HuffPost Panel on New Media

rnclogo.gif ST. PAUL -- The Huffington Post sponsored a luncheon panel today with right-leaning members of the both new and old media to discuss the "how the new media are impacting the '08 race." Moderating the panel was the MSNBC team of Joe Scarborough and Mika Brzezinski, whose guidance of the discussion allowed for debates on which medium is operating as better "gatekeepers" of the truth and which side (liberal or conservative) has more vicious commenters.

Noting that the pace of new media is constant, Wall Street Journal reporter John Fund said that the "new media makes it more difficult for conventional wisdom to take hold," since bloggers are constantly questioning and debating what the old media prints. At the same time, noted Fund, too many of the new media rely on old media's reporting and don't do enough of it themselves. What this has led to is a devaluation of investigative journalism, agreed most on the panel.

Yet conservative talk-show host Laura Ingraham and columnist Tony Blankley both said that it was the failures of the old media that led to the rise of the blogosphere. "Old media blew it," said Ingraham. "The free market does work." Blankley cited Dan Rather and the "60 Minutes" memos as evidence that the nature of the blogosphere allows it to constantly self-correct, what Blankley referred to as "horizontal" fact-checking.

In the case of Rather, said Blankley, a handful of bloggers had managed to deconstruct the memo story between the time the story aired and the next morning.

But the new media's impact on the 2008 election isn't just in what role bloggers play.
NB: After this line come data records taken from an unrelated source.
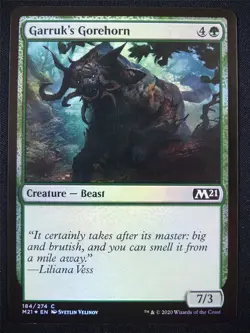 Garruk's Gorehorn Foil - Mtg Card #1JA - Image 1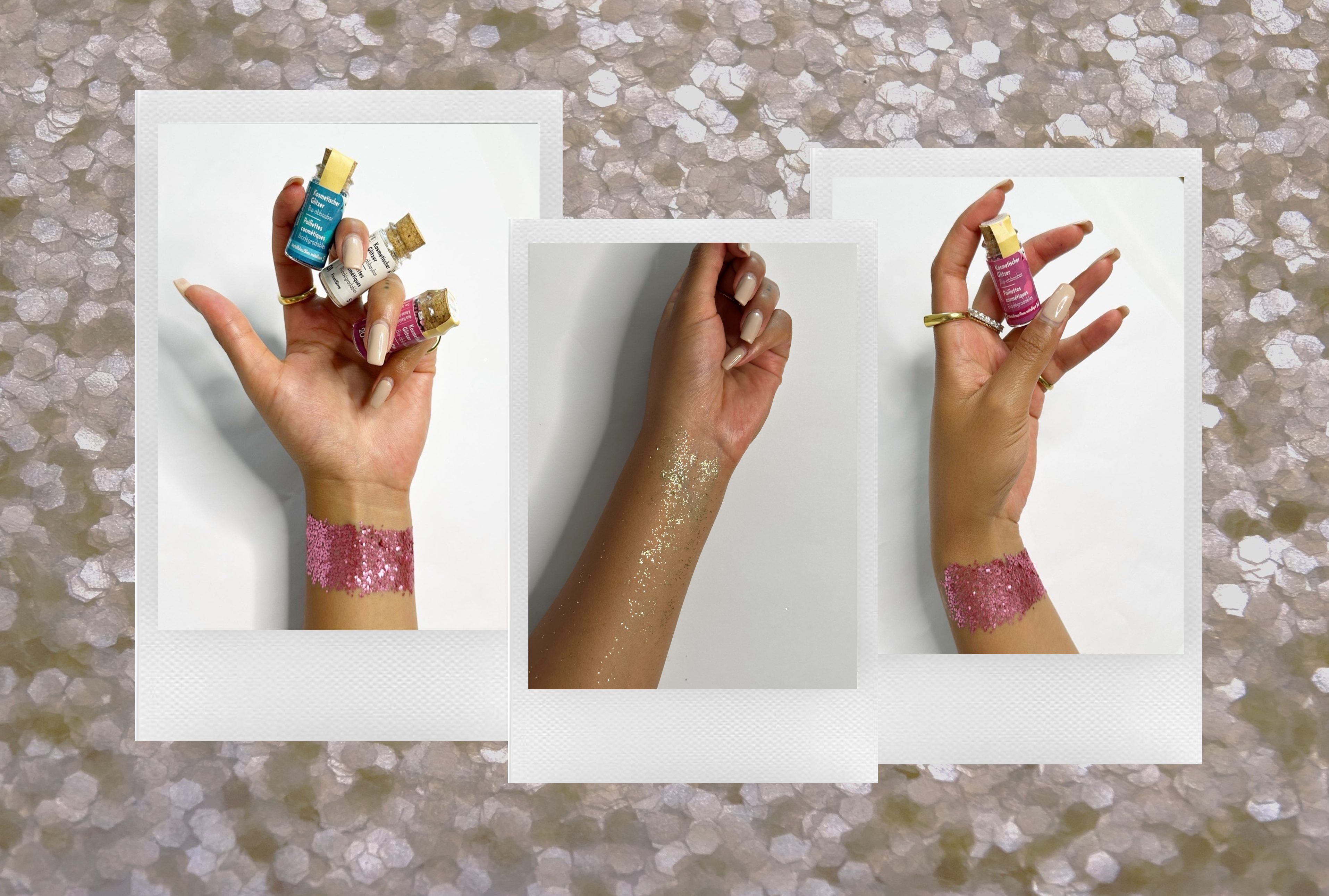 Glitter On Girl's Hand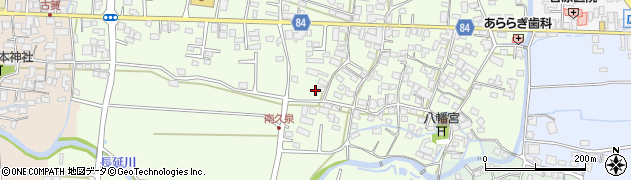 福岡県八女郡広川町久泉556周辺の地図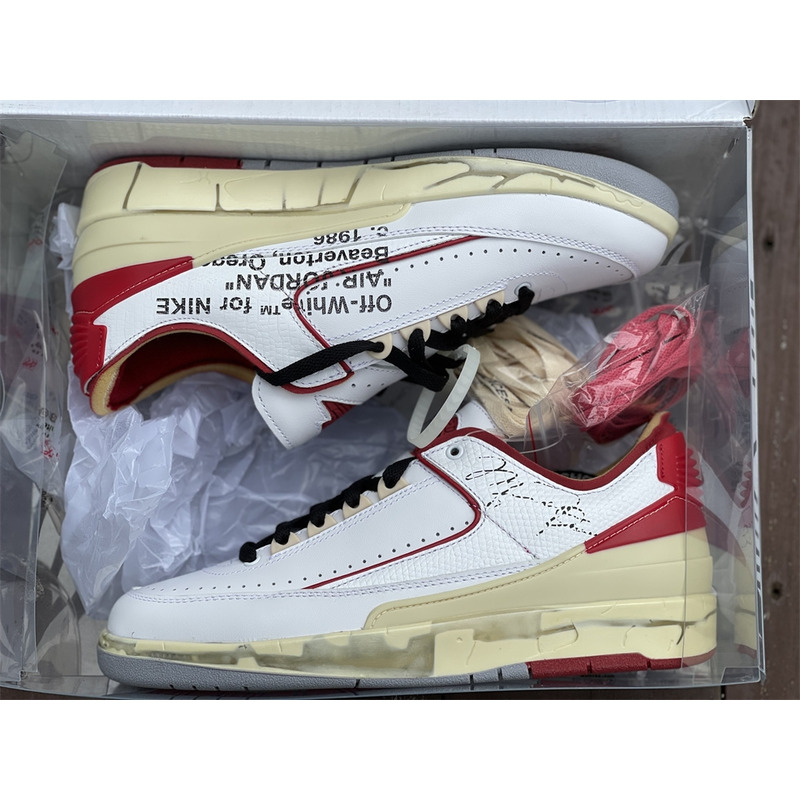 OFF White x Air Jordan 2 Low DJ4375 106 Sneakers Men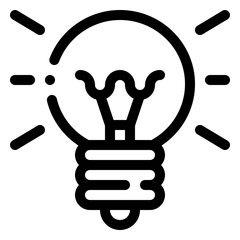 Poster - Idea Icon. Digital marketing concept. Outline icon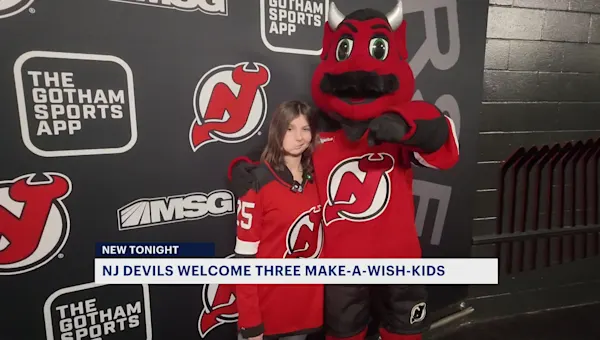 New Jersey Devils help make three wishes come true at Prudential Center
As Arianna Huffington noted, "Barack Obama could not have been the nominee were it not for the Internet," referring to the campaign's online fundraising success.
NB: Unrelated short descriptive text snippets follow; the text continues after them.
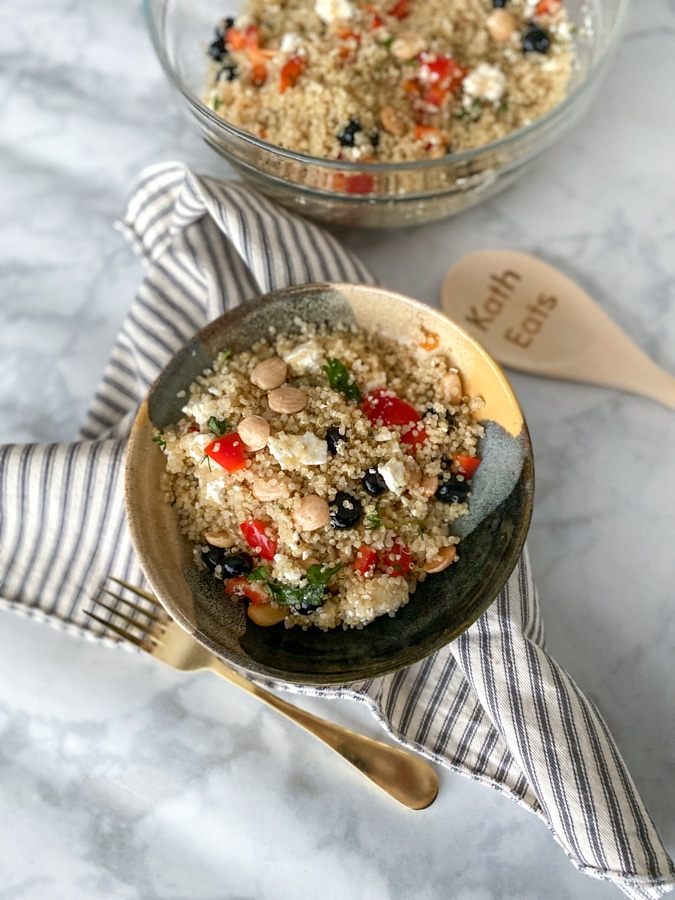 quinoa salad with kath eats spoon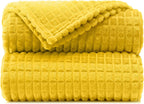 Gold Throw Pillow — 60" — Golden Yellow
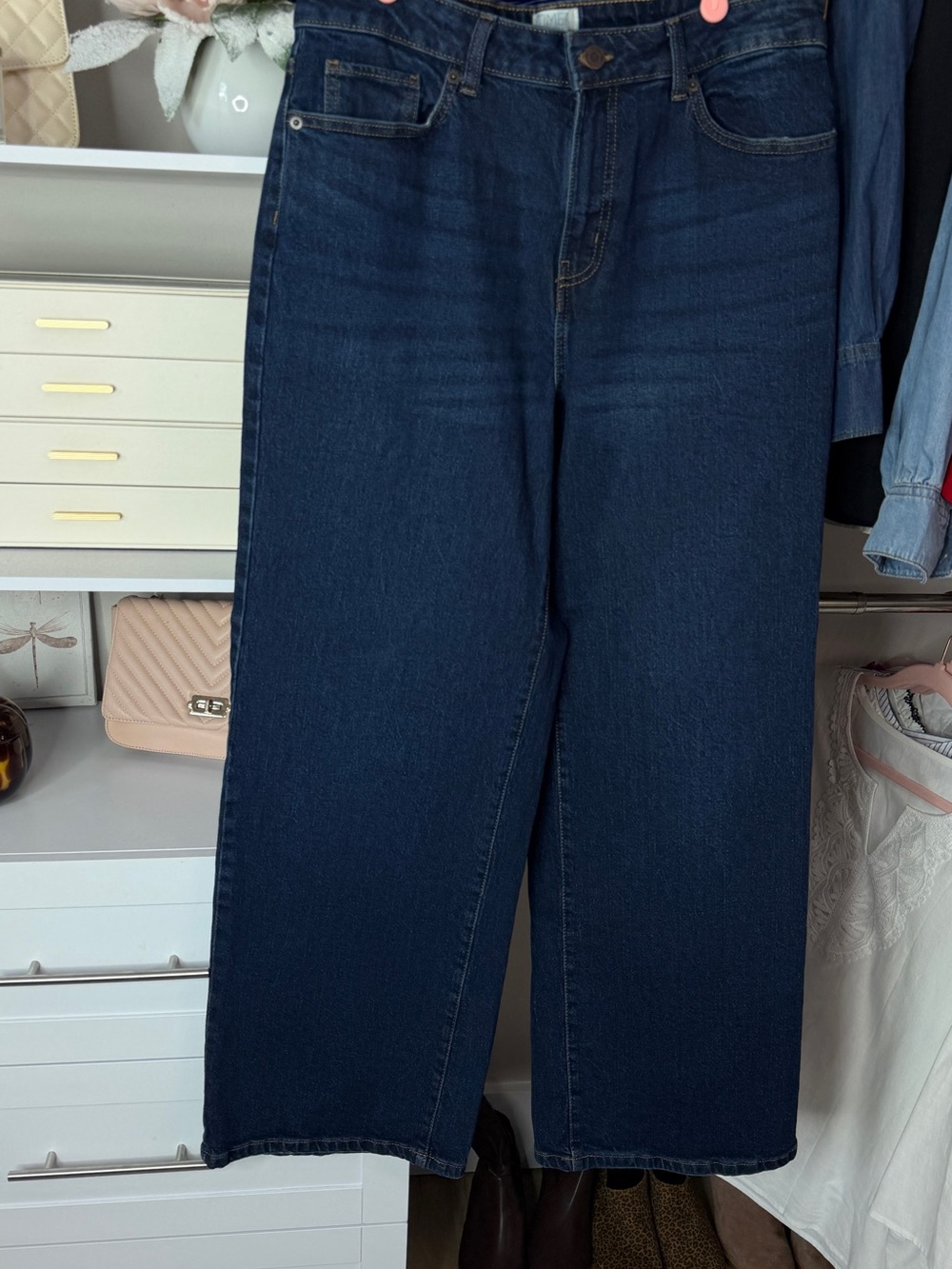 Time and Tru Dark Indigo Wide-Leg Jeans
There are downsides to all this, however. Wall Street Journal columnist Peggy Noonan compared the Internet to "walking into Bedlam [insane asylum] in the 1880s with a megaphone and asking, 'Does anybody have anything to say?'" Panelists remarked on the vitriol within new media, especially in the often-anonymous comments section of many sites.

But just as much of that vitriol originates on the left -- an "intolerance", as Tucker Carlson called it -- it is the left which dominates the new media. Political consultant Frank Luntz said, "There is no 18-to-24-year-old presence on the Right in new media."